**INSTRUCTIONS TO FOLLOW**
Everything in the entries below should be restated exactly, except for the pictures.
*** DATA LISTING ***
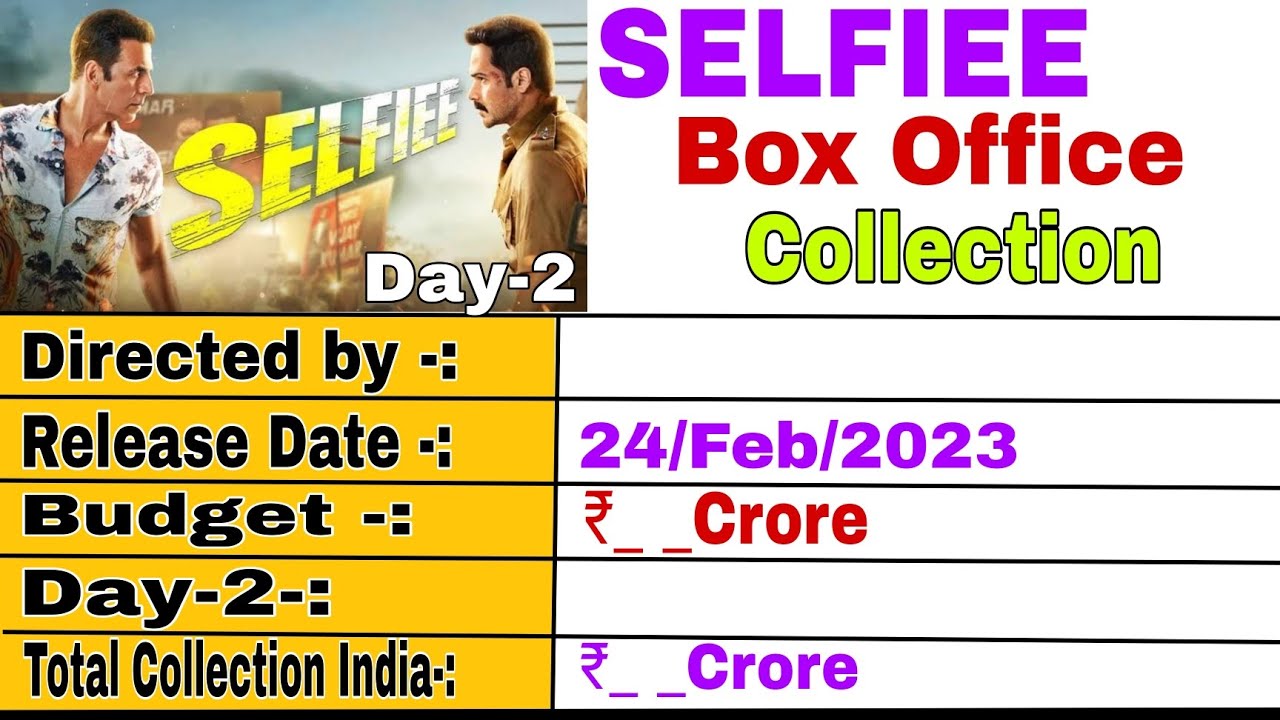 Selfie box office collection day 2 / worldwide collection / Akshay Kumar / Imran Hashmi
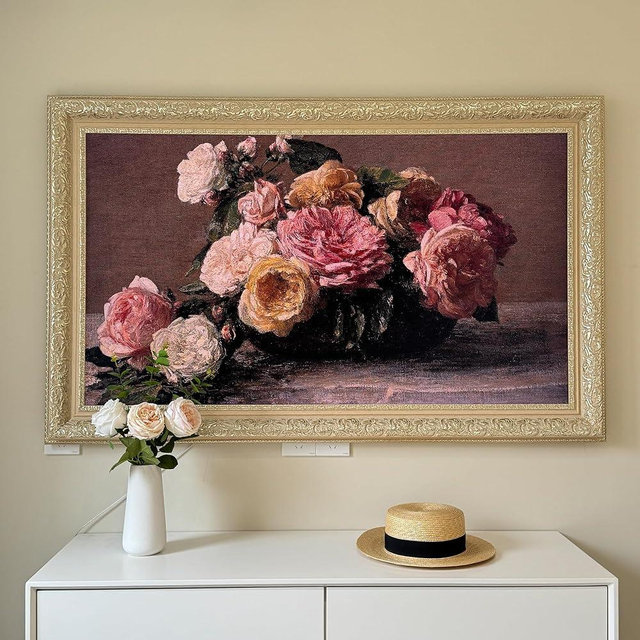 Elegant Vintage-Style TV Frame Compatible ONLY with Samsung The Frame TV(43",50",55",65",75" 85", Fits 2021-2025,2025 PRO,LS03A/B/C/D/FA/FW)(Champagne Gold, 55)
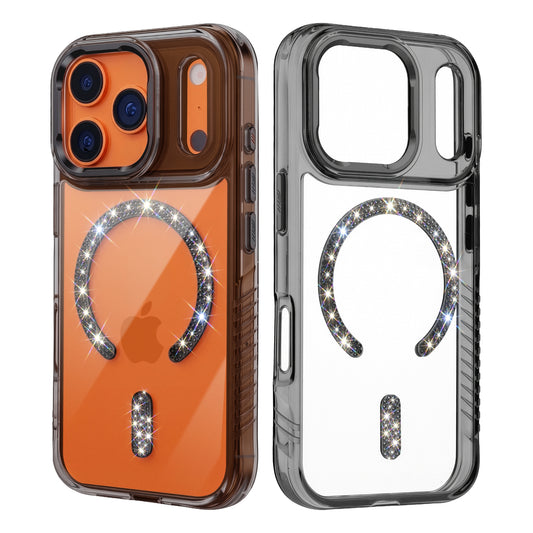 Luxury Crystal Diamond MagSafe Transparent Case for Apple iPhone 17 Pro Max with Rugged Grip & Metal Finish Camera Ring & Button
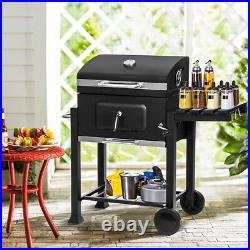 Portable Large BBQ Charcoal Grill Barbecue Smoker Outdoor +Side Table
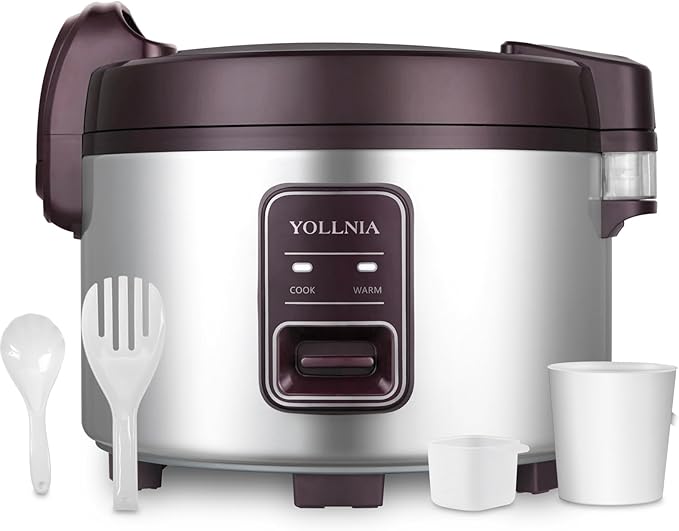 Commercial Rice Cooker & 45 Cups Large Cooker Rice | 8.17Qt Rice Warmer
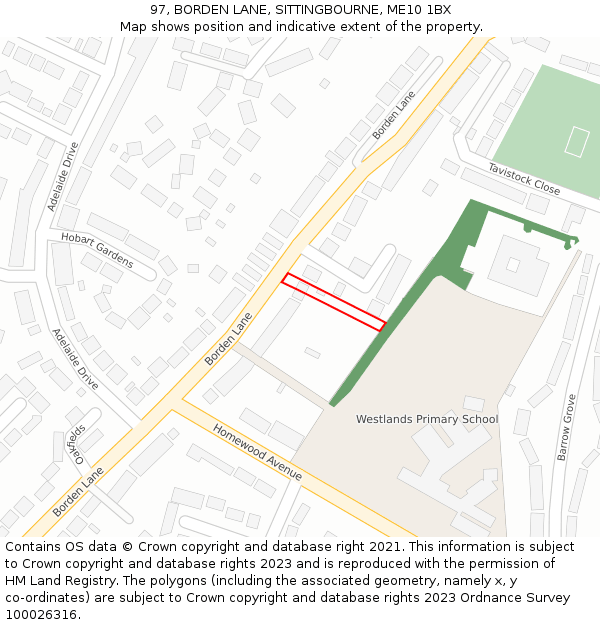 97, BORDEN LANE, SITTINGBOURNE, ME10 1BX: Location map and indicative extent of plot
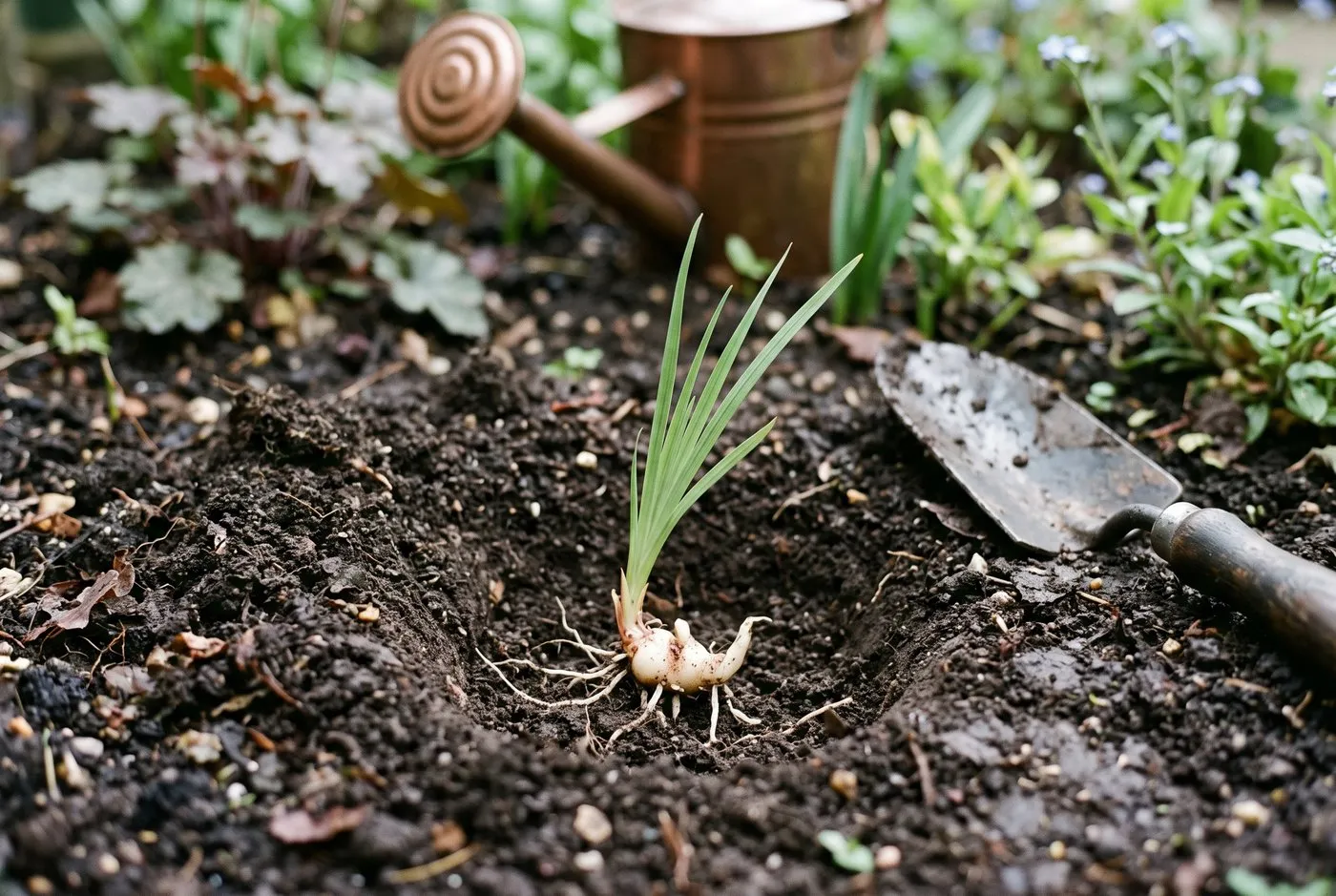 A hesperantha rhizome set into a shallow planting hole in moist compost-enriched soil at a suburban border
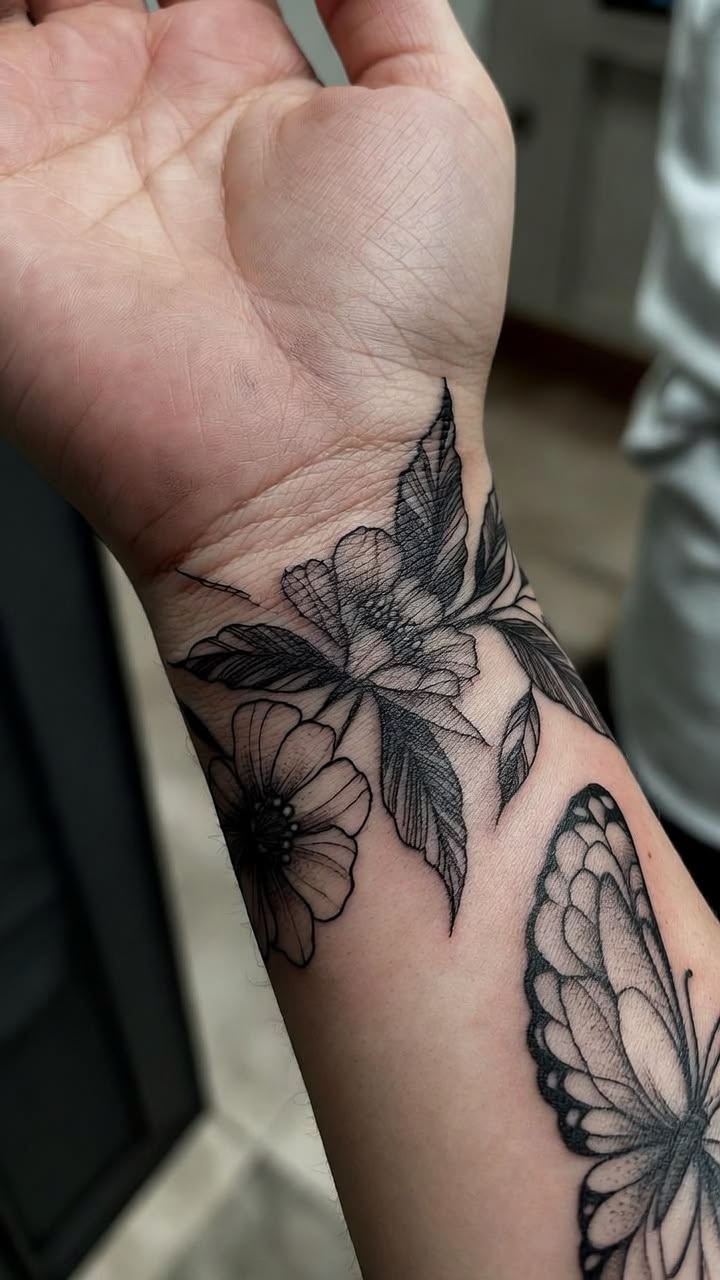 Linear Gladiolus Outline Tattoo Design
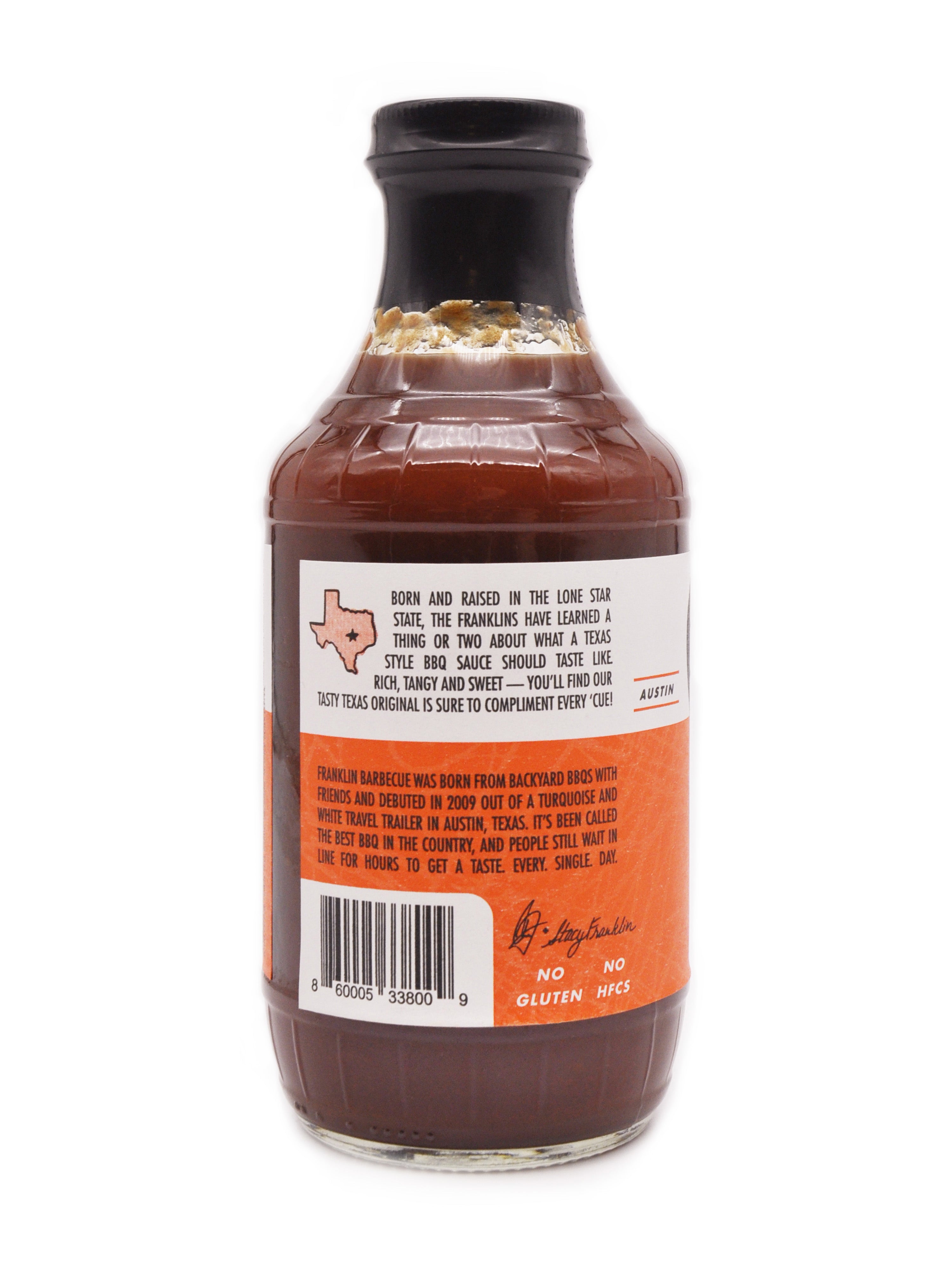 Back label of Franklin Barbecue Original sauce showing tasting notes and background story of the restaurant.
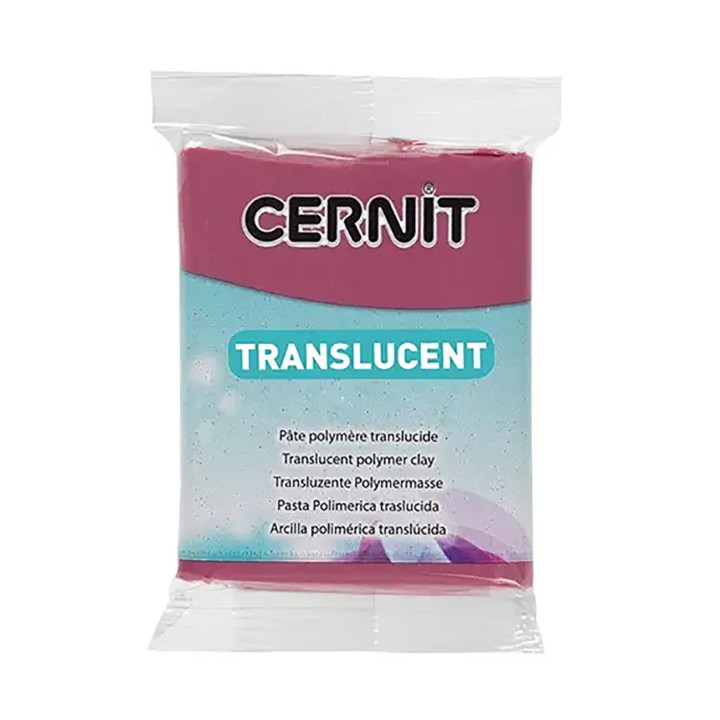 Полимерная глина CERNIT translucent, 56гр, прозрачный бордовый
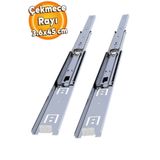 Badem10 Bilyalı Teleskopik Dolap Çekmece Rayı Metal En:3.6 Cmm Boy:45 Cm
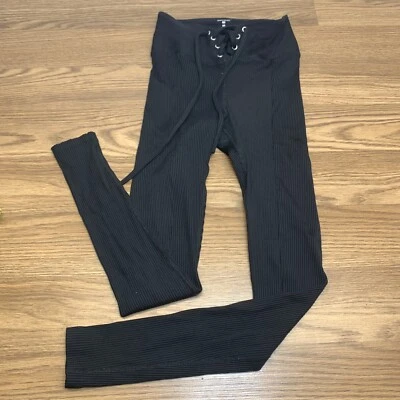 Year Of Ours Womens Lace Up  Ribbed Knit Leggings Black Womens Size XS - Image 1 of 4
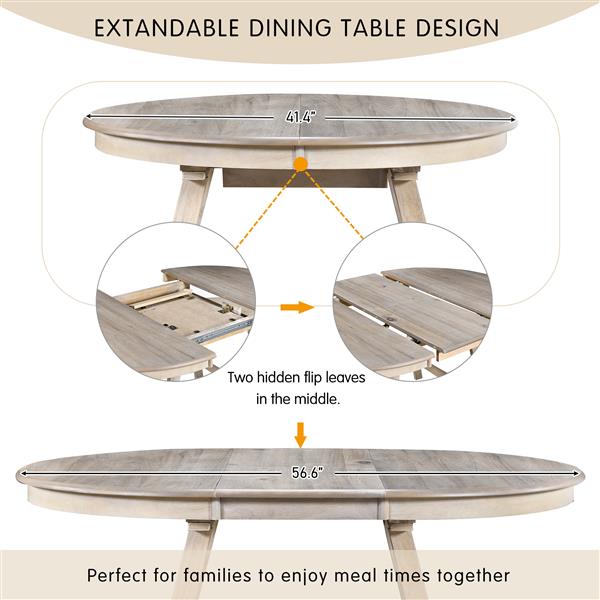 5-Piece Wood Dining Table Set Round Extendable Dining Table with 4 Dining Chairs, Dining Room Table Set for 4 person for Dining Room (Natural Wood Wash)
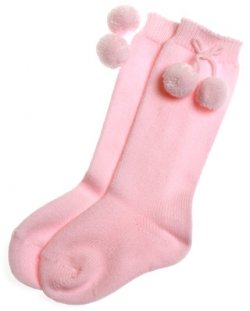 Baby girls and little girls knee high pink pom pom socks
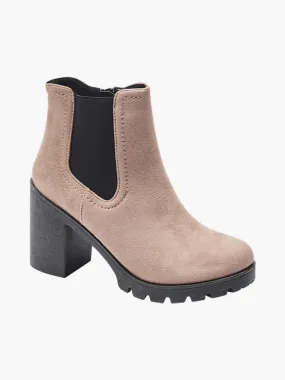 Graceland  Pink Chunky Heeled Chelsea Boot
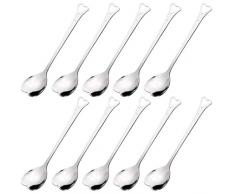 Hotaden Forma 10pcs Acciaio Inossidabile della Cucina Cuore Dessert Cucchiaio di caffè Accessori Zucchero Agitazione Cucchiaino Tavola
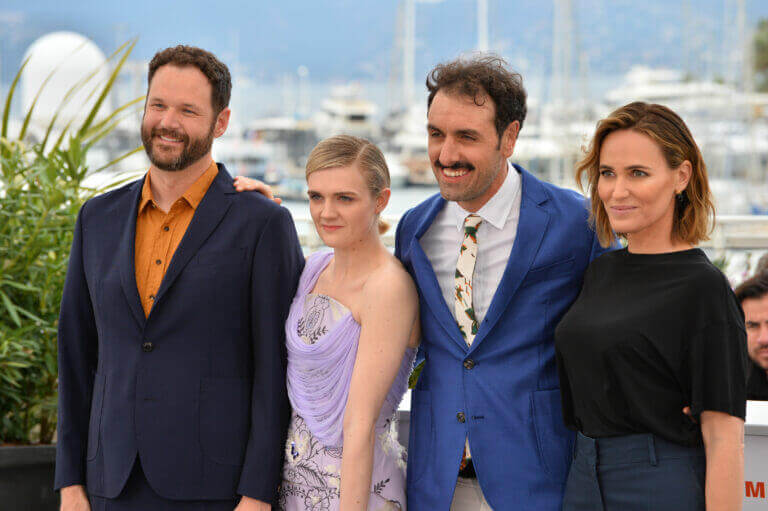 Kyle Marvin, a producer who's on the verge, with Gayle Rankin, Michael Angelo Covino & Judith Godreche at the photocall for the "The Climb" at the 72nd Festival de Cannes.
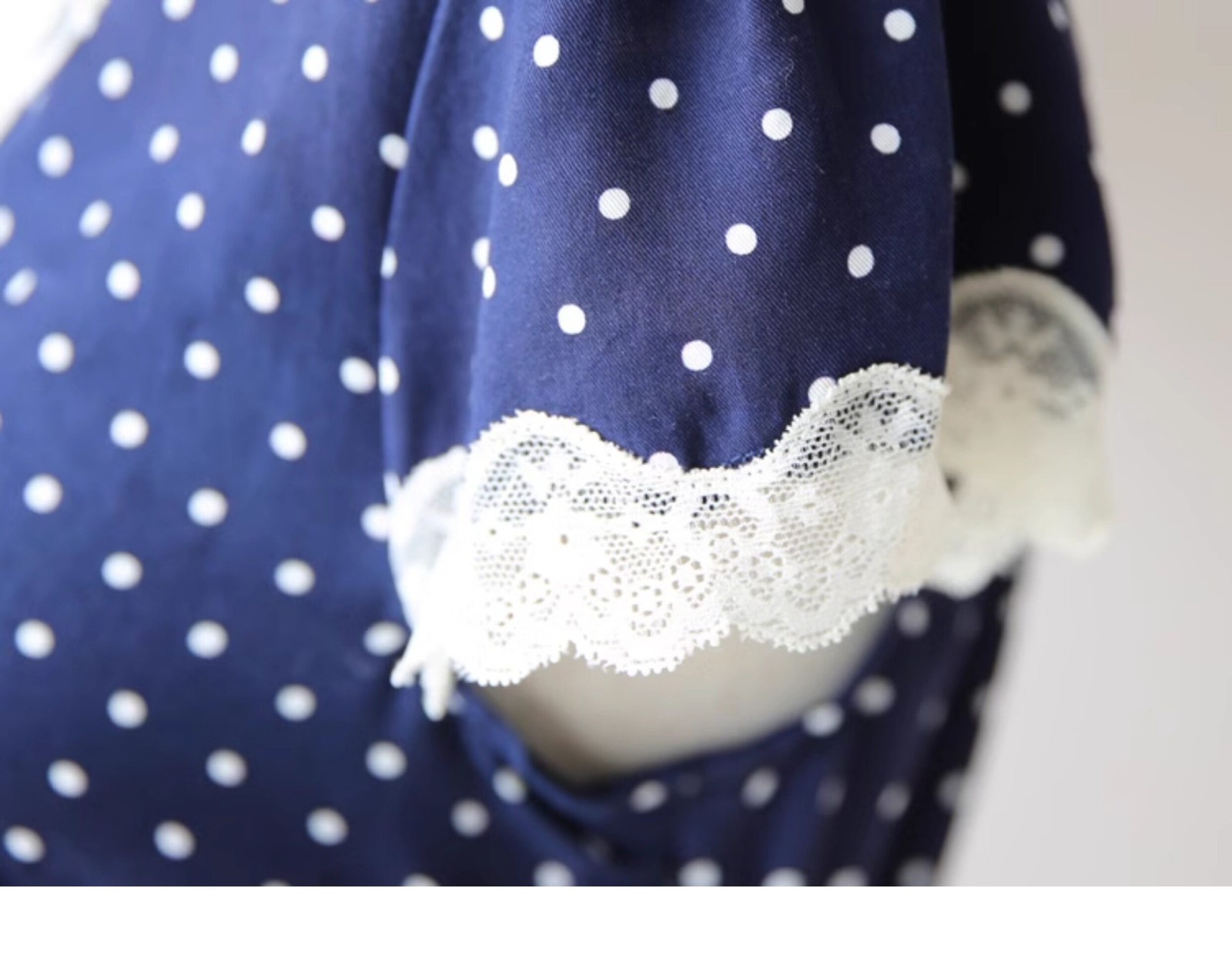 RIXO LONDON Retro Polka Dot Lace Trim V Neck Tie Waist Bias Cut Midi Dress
*** End of DATA LISTING ***
**PROBLEM SOLUTION**
 Selfie box office collection day 2 / worldwide collection / Akshay Kumar / Imran Hashmi
 Elegant Vintage-Style TV Frame Compatible ONLY with Samsung The Frame TV(43",50",55",65",75" 85", Fits 2021-2025,2025 PRO,LS03A/B/C/D/FA/FW)(Champagne Gold, 55)
 Luxury Crystal Diamond MagSafe Transparent Case for Apple iPhone 17 Pro Max with Rugged Grip & Metal Finish Camera Ring & Button
 Portable Large BBQ Charcoal Grill Barbecue Smoker Outdoor +Side Table
 Commercial Rice Cooker & 45 Cups Large Cooker Rice | 8.17Qt Rice Warmer
 97, BORDEN LANE, SITTINGBOURNE, ME10 1BX: Location map and indicative extent of plot
 A hesperantha rhizome set into a shallow planting hole in moist compost-enriched soil at a suburban border
 Linear Gladiolus Outline Tattoo Design
 Back label of Franklin Barbecue Original sauce showing tasting notes and background story of the restaurant.
 Полимерная глина CERNIT translucent, 56гр, прозрачный бордовый
 Badem10 Bilyalı Teleskopik Dolap Çekmece Rayı Metal En:3.6 Cmm Boy:45 Cm
 Year Of Ours Womens Lace Up  Ribbed Knit Leggings Black Womens Size XS - Image 1 of 4
 5-Piece Wood Dining Table Set Round Extendable Dining Table with 4 Dining Chairs, Dining Room Table Set for 4 person for Dining Room (Natural Wood Wash)
 Baby girls and little girls knee high pink pom pom socks
 Graceland  Pink Chunky Heeled Chelsea Boot
 Hotaden Forma 10pcs Acciaio Inossidabile della Cucina Cuore Dessert Cucchiaio di caffè Accessori Zucchero Agitazione Cucchiaino Tavola
 Kyle Marvin, a producer who's on the verge, with Gayle Rankin, Michael Angelo Covino & Judith Godreche at the photocall for the "The Climb" at the 72nd Festival de Cannes.
 RIXO LONDON Retro Polka Dot Lace Trim V Neck Tie Waist Bias Cut Midi Dress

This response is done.